Name | Team | Contract (YR/$) | IP | K/9 | BB/9 | ERA | FIP | WAR |
Fernando Rodney | Mariners | 2/14 | 66.1 | 10.31 | 3.8 | 2.85 | 2.83 | 1.2 |
Joaquin Benoit | Padres | 2/15.5 | 54.1 | 10.6 | 2.32 | 1.49 | 2.32 | 1.2 |
Joe Smith | Angels | 3/15.75 | 74.2 | 8.2 | 1.81 | 1.81 | 2.85 | 1 |
Ryan Webb | Orioles | 2/4.5 | 49.1 | 6.75 | 2.19 | 3.83 | 2.95 | 0.7 |
Matt Thornton | - - - | 2/7 | 36 | 7 | 2 | 1.75 | 2.66 | 0.7 |
Chad Qualls | Astros | 2/6 | 51.1 | 7.54 | 0.88 | 3.33 | 3.13 | 0.6 |
Oliver Perez | Diamondbacks | 2/4.25 | 58.2 | 11.66 | 3.68 | 2.91 | 3.23 | 0.6 |
Edward Mujica | Red Sox | 2/9.5 | 60 | 6.45 | 2.1 | 3.9 | 3.7 | 0.4 |
J.P. Howell | Dodgers | 2/11.25 | 49 | 8.82 | 4.59 | 2.39 | 3.3 | 0.3 |
Joe Nathan | Tigers | 2/20 | 58 | 8.38 | 4.5 | 4.81 | 3.94 | 0.2 |
Grant Balfour | Rays | 2/12 | 62.1 | 8.23 | 5.92 | 4.91 | 3.95 | 0 |
Eric O'Flaherty | Athletics | 2/7 | 20 | 6.75 | 1.8 | 2.25 | 4.48 | -0.1 |
Manny Parra | Reds | 2/5.5 | 36.2 | 8.35 | 4.42 | 4.66 | 4.25 | -0.2 |
Boone Logan | Rockies | 3/16.5 | 25 | 11.52 | 3.96 | 6.84 | 5.13 | -0.3 |
Javier Lopez | Giants | 3/13 | 37.2 | 5.26 | 4.54 | 3.11 | 4.33 | -0.5 |
AVERAGE 2014 | 2.2/10.8 | 49 | 8.5 | 3.3 | 3.30 | 3.40 | 0.4 | |
AVERAGE 2013 | 55 | 8.8 | 3.1 | 2.67 | 3.24 | 0.7 | ||
DIFFERENCE | -6 | -0.3 | -0.2 | -0.63 | -0.16 | -0.3 |
As a group, the players declined from 2013 to 2014 after signing the contracts. Relief pitching is very volatile year to year. There are larger contracts at the higher end and lower end of this group. Signing a big contract does not guarantee performance.
Looking at the overall performance may leave you thinking the group did fine as a whole, and that is true. League average for reliever K/9 is 8.5, for BB/9 it is 3.3, ERA is 3.58 and FIP is 3.60. The reliever group actually beat relievers as a whole in ERA and FIP, but the group is overall an average group and sinking money for an average reliever is not the best investment. When you consider that only three out of fifteen relievers had what most would consider good years and five relievers were at or below replacement level, the hit rate is not high. To make matters worse, all of these relievers were in the first year of their contracts. They are still owed money in 2015 with three relievers owed money into 2016.

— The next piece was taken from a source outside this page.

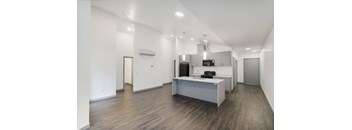 a kitchen and living room in a 555 waverly unit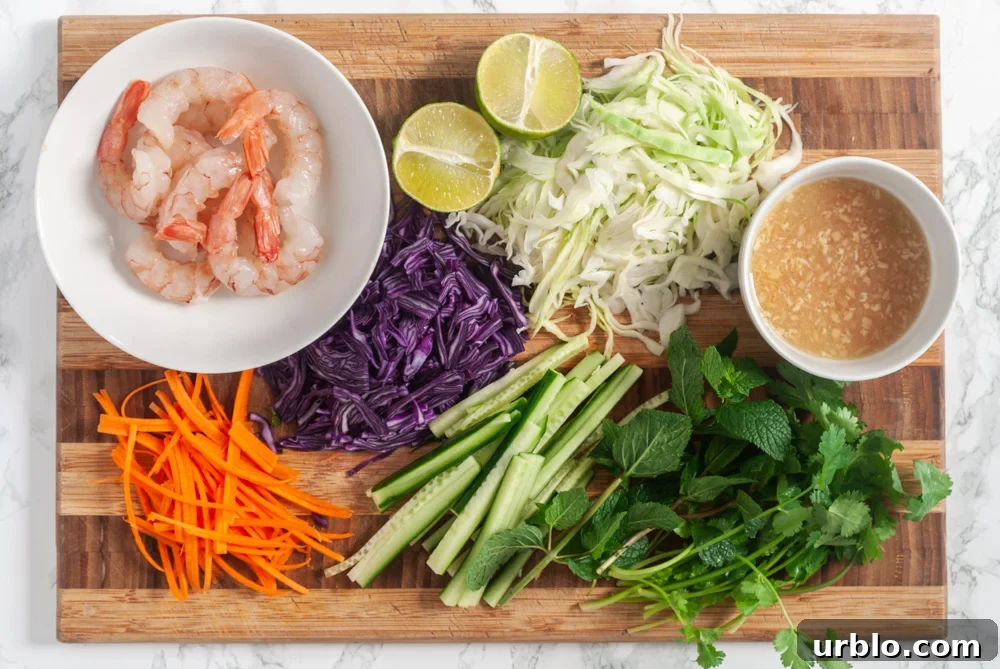 ingredients for Vietnamese shrimp salad chopped on a cutting board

There were twelve relievers signed to multi-year deals heading into 2013. Of those, Sean Burnett and Tom Gorzellany pitched less than 25 innings combined in 2014. Jason Grilli and Jonathan Broxton have already been traded. The Cardinals are looking to ditch Randy Choate. Brandon League and Craig Breslow have been disasters in 2014 for the Dodgers and Red Sox. Jeremy Affeldt and Santiago Casilla have pitched decently well, and among the successes like Joel Peralta, Carlos Villanueva and Rafael Soriano, none of the players exceeded Soriano's 0.8 fWAR in 2014.
Looking at Andrew Miller's incredible 2014 makes it look like handing out a long-term deal is worth further solidifying the back-end of the bullpen, but those deals tend to backfire more often than they succeed. Reliever performance tends to fluctuate on a yearly basis. There is a reason the Cardinals chose not pursue Mujica last offseason and a reason the Cardinals are unlikely to re-sign Pat Neshek after a great season in 2014. Those performances cannot be counted on for the future. The Cardinals are better off going the minor league free agent route like they did in 2014 with Pat Neshek and David Aardsma. They are not likely to find the next Pat Neshek, but spending big money on a reliever is not likely to yield great results and the money is better off used to obtain more cost-effective players.